Светлый фон

— Во-первых, у меня нет твоего мобильника. Во-вторых, предупреждаю и, надеюсь, в последний раз — думай, прежде чем говоришь.

— Это ты меня будешь учить, что говорить?! Ты что реально думаешь, что после того, как ты меня выгнал как какую-то блохастую шавку, я тебя буду слушать?! Пошел в жопу со своими предупреждениями, понял?! И говоря твоими словами — повторяю последний раз: верни мне живо мой телефон, урод. А потом можешь идти вон, — по слогам проговаривает Полина с точно такой же интонацией, как еще несколько минут назад я выгонял ее из квартиры. Мстительная, обиженная девчонка. В принципе ничего нового нет. Я знал с кем имею дело.

— Ну что ж, пусть будет один — один. По твоей версии, я трахаюсь со своей сестрой, и у нас с тобой просто секс, против моего дважды «пошла вон». Будем считать, что словесный понос вничью сейчас обнулился. А то, что ты будешь ляпать своим языком дальше, уже пойдет категорически против тебя. Все, остынь, Поль, и пошли домой. Там всяко лучше говорить, — беру чемодан за ручку, но не успеваю его сдвинуть, как Полина со всей силы впивается ногтями мне в руку.

— Я в твой дом не то, что больше не зайду, я там гадить не стану, даже если снова припрет подружка под названием диарея, понял?!

— Нет, — с силой отцепляю ее руку, чтобы перехватить Полину за запястье. — Не понял.

Не думал, что вести брыкающуюся и вопящую Полину будет настолько трудно. Еще этот дурацкий чемодан совершенно не к месту.

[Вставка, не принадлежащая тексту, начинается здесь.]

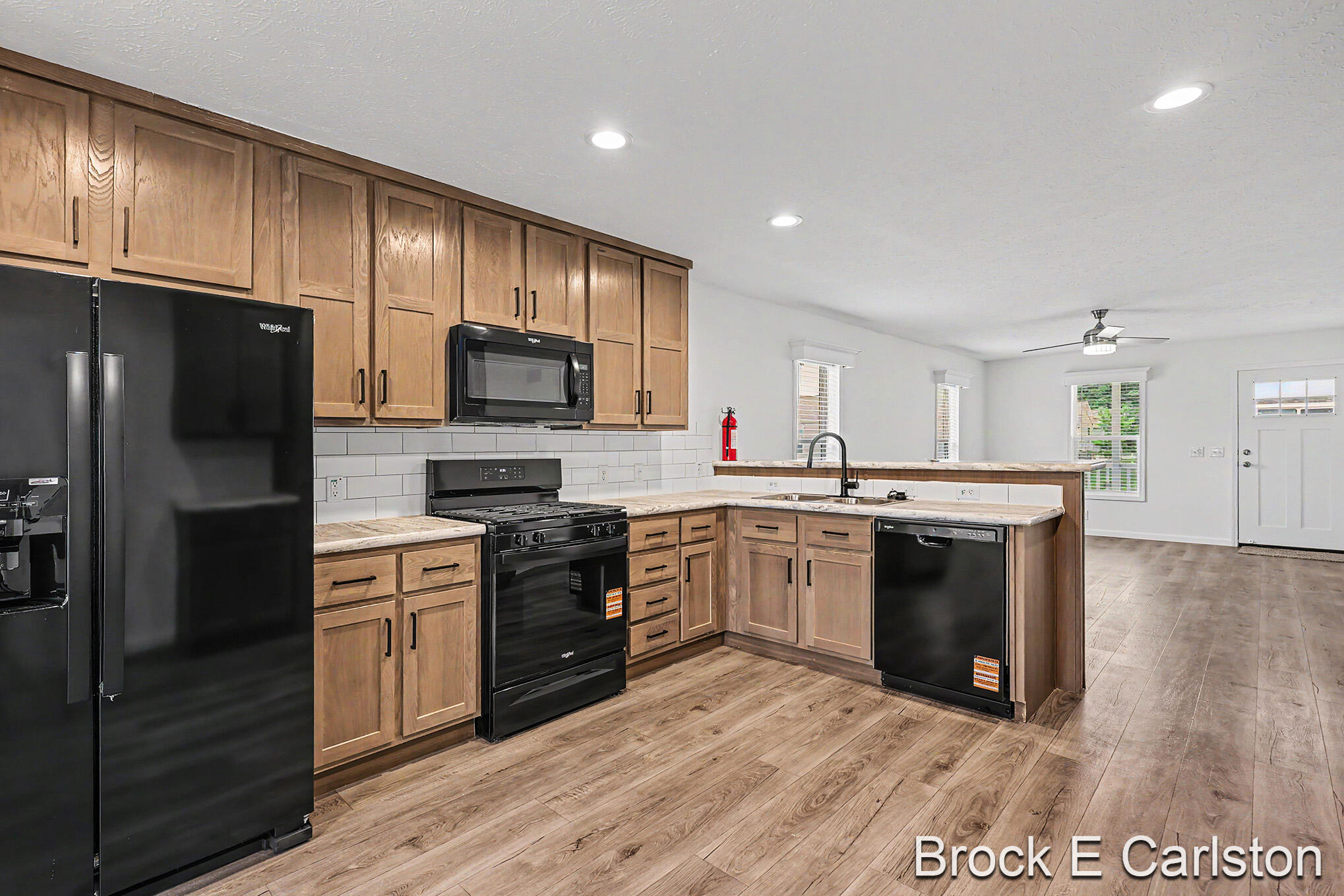1283 E Ellis Road Norton Shores MI 49441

— Пусти меня, придурок. Мне больно!

Не знаю, как я пропустил этот момент, но как только я освободил Полино запястье, она со всей силы вцепилась зубами в мою руку. Такого я уж точно не ожидал. Этот укус, пожалуй, отрезвил меня больше всего. Желание оттолкнуть эту маленькую заразу сдерживало лишь то, что от моего толчка она может еще упасть или вообще полететь кубарем с лестницы. Спустя несколько секунд Полина сама отпускает мою руку, скорее всего из-за того, что ей тупо не понравилось отсутствие хоть какой-либо реакции с моей стороны. Ну да, не каждый будет спокойно держать руку, когда ее, к чертовой матери, прокусывают. Да уж, постаралась, так постаралась. Не было следа от укуса собаки — зато теперь есть кровавый след от зубов Полины. На всю, так сказать, жизнь.

— Ненавижу. Ненавижу тебя. Ты мне всю жизнь испортил. Как же я тебя ненавижу, Алмазов. Кто тебя вообще просил появляться в моей жизни? — всхлипывает, растирая уже внутренней стороной ладони вновь мокрые от слез щеки.

— Успокойся, пожалуйста. Нам остался один лестничный пролет. Давай поднимемся в квартиру, ты умоешься и чуть позже, когда остынешь, мы поговорим.